L'analyse actuelle: "Il n'est donc pas étonnant qu'il puisse y avoir des sociétés plus inégalitaires que d'autres, mais il est surprenant que dans la nôtre, qui se veut pourtant démocratique, nous assistions, aujourd'hui, à une véritable explosion des inégalités".


Enfin l'exhortation: "La leçon que nous pouvons en retenir n'est pas seulement religieuse, elle nous rend attentifs au fait qu'une société ne reste humaine que dans la mesure où en elle des efforts sont faits pour empêcher les inégalités de rompre le lien qui unit tous ses membres (...) De la pauvreté, la vie bascule dans la misère (...) Comment peut-on alors en venir à criminaliser le geste de tendre la main ? Il est clair que la loi qui en vient là ne peut pas passer pour une simple mesure d'ordre public, car elle contribue à instituer une société fermée, fondée sur l'exclusion.

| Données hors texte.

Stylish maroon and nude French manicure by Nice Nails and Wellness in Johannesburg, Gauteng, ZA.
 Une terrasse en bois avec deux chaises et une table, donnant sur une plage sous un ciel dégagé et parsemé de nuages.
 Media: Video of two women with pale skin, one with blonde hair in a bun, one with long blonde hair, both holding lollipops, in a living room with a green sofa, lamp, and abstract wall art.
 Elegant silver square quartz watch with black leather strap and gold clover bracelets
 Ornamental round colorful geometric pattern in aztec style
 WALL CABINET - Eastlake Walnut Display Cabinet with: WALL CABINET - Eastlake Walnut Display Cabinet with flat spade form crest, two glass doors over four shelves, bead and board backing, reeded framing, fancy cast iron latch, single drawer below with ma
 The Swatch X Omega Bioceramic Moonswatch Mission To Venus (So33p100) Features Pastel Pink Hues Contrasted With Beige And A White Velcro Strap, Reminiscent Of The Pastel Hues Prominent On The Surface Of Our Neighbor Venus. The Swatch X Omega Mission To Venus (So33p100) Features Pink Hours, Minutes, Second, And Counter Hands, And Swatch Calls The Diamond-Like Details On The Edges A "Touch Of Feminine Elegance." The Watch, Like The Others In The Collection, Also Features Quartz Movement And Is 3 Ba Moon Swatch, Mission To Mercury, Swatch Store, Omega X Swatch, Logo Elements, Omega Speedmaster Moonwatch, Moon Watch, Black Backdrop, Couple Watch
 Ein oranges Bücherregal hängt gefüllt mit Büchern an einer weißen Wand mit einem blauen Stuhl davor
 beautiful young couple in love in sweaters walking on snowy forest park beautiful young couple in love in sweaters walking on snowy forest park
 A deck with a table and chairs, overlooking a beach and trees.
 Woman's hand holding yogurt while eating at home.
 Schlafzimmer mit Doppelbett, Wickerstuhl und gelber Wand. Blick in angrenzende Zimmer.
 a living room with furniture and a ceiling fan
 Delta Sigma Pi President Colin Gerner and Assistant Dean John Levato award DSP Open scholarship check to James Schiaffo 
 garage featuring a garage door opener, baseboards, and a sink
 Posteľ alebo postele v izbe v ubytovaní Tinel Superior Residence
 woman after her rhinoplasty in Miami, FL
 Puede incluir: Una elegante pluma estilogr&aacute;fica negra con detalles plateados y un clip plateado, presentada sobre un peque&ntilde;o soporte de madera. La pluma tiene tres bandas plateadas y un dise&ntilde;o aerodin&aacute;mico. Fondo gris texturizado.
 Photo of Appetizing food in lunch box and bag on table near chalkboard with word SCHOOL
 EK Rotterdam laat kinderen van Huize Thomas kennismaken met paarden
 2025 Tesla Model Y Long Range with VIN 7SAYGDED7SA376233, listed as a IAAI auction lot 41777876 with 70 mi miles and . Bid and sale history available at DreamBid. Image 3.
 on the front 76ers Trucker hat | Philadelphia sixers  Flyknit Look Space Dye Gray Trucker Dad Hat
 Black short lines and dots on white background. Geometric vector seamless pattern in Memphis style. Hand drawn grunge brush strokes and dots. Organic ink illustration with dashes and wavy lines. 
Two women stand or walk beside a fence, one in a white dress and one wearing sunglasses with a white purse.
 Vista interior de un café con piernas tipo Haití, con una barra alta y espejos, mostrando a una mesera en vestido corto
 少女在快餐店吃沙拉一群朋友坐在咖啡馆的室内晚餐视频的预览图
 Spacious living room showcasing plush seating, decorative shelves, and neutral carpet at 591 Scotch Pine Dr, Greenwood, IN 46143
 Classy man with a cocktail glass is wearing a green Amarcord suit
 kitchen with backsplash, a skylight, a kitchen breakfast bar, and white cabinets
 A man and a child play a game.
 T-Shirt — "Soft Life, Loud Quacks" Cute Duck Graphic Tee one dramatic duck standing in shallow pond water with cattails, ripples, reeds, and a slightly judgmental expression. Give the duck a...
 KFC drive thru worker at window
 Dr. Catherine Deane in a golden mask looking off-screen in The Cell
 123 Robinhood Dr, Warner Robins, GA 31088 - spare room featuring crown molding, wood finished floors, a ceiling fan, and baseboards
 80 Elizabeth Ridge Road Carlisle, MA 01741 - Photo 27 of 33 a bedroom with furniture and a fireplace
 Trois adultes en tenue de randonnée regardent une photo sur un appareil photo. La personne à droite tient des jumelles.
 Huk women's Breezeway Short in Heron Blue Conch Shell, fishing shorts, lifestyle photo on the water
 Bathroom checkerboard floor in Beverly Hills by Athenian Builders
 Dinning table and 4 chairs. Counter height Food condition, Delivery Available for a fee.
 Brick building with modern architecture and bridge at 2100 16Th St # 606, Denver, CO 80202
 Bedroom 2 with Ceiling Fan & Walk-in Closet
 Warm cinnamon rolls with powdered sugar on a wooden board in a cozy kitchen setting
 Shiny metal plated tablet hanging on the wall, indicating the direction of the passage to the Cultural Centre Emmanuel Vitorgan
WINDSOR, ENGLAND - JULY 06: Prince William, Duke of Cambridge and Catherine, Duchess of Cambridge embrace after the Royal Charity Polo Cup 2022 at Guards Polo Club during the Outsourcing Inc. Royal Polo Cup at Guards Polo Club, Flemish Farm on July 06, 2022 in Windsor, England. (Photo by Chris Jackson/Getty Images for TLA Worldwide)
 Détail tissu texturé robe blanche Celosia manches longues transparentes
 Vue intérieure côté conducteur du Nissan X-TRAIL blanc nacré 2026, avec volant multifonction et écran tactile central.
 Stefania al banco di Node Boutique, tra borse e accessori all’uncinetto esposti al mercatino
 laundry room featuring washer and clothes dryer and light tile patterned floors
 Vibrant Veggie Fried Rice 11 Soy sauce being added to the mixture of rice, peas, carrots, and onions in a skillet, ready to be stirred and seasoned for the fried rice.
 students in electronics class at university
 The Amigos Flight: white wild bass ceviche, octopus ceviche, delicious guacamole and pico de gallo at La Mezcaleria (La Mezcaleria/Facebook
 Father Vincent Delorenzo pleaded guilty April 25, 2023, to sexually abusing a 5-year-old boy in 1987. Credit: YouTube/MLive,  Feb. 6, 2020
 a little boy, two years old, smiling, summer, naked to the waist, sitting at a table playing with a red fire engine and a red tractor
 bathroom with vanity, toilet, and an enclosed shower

Ce n'est pas un crime qu'elle réprime, c'est une condition d'existence qu'elle sanctionne, et en ce sens elle ne constitue pas seulement une injustice, mais une iniquité (...) »

Sans états d'âme le tribunal pénal genevois a confirmé cette position en définissant ainsi la mendicité : "tout comportement tendant à récolter de l’argent ou de la nourriture donnée par charité afin de subsister". Je vous laisse juge... La charité, attitude éminemment chrétienne, pousse dans l'illégalité celle et celui qui en bénéficie et fait de son auteur un complice!